Voice of joy and sunshine
26th May 2003
I'm not sure that what you're talking about is Aspergers, there are such things as task focused people. Seriously, it's in management books. In the decent ones you'll almost always find something analogous to this chart:
Of course that's a simplification, and there are greater and lesser degrees of complexity in the ways that people are categorised. But you can do a quick and dirty guess at what people are, based on things like how loudly they raise their voice, how much they gesture with their hands, how often they use 'I' and so on.
If you're in the introverted task-focused section; that you simply have an analytical approach to things; and are judging your behaviour based on a perceived group norm that goes something like 'What I take to be the rest of humanity.' then things might be liable to be misleading.
Now does that mean you don't have Aspergers?

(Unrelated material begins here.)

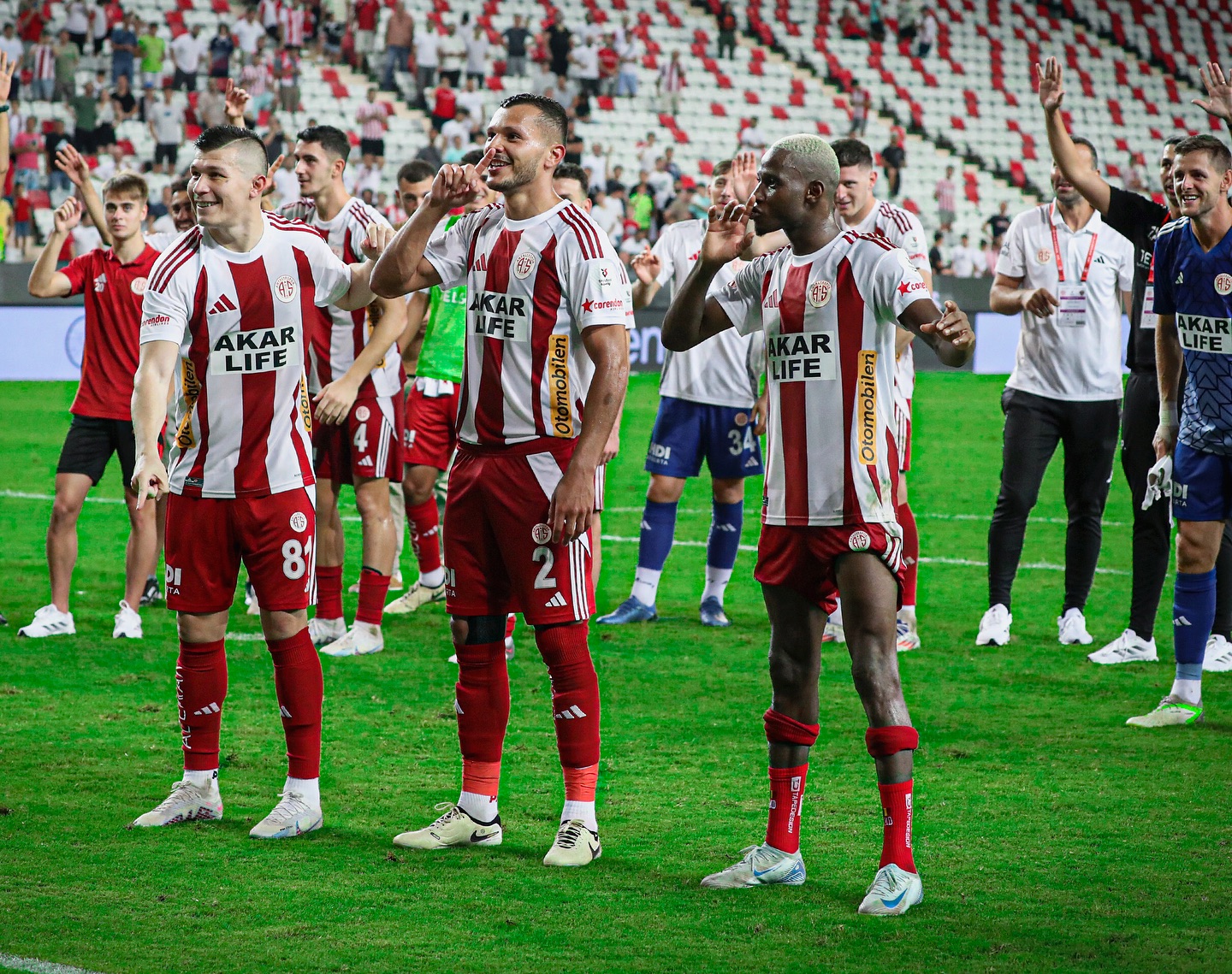 Sezonun ilk üçlüsü gecenin kahramanlarından!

Nope.
So, specifically concerning that subject:
Cure: To the best of my knowledge there's no cure for Aspergers, and is unlikely to be one at least in the near term future - it seems to be based on structural differences in the brain. It's not clear that many with AS would accept such a cure, even if it were available. You are, after all, talking about something that can be fairly fundamental to someone's personality.
Diagnosis: Contact your GP in the first instance.
Test you took: If it were sufficient evidence to assign a high degree of confidence based on, then they wouldn't bother with a fuller diagnosis. If one test is a 'strong indicator' then the additional worth of other information would be proportionally less.
Worth of a diagnosis: The worth of a bit of information is defined in terms of what you'd do otherwise. Given there's no cure for Aspergers, what do you hope to get from a diagnosis? You can try to discover and experiment with their coping strategies whether or not you have the condition.